* **Work order**:
For the records below, please print exactly and only the lines from the one with "Used 2023 INFINITI" down to the one with "Menko PMK Muhadjir", both ends included, omitting the pictures.

* **Given records**:
+++
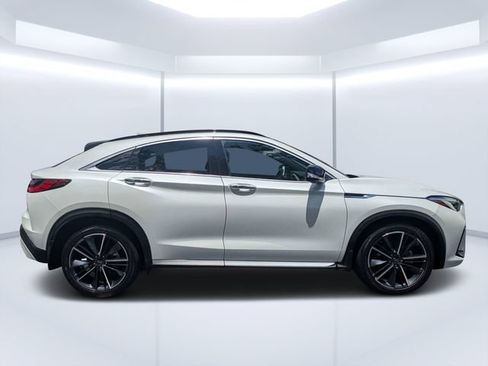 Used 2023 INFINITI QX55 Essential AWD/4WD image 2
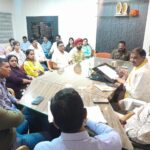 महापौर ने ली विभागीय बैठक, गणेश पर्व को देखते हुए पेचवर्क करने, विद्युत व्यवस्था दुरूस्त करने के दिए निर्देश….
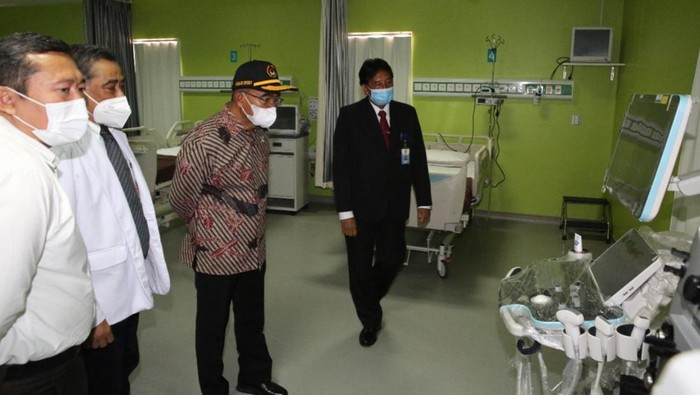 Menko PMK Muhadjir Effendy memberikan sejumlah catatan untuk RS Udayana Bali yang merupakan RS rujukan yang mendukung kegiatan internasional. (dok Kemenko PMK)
+++
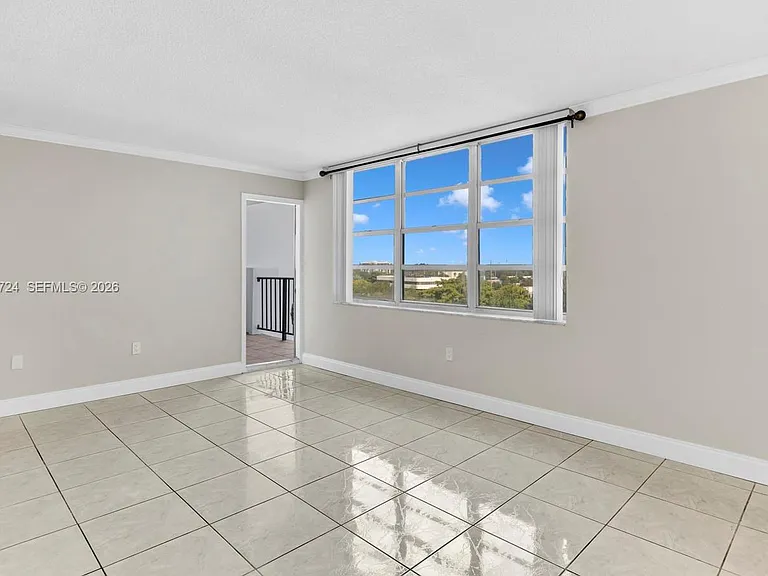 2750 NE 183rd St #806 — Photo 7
+++
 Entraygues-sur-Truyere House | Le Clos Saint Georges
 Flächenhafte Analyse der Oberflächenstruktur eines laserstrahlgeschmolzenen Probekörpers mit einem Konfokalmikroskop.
+++
* **Written solution**:
 Used 2023 INFINITI QX55 Essential AWD/4WD image 2
 महापौर ने ली विभागीय बैठक, गणेश पर्व को देखते हुए पेचवर्क करने, विद्युत व्यवस्था दुरूस्त करने के दिए निर्देश….
 Menko PMK Muhadjir Effendy memberikan sejumlah catatan untuk RS Udayana Bali yang merupakan RS rujukan yang mendukung kegiatan internasional. (dok Kemenko PMK)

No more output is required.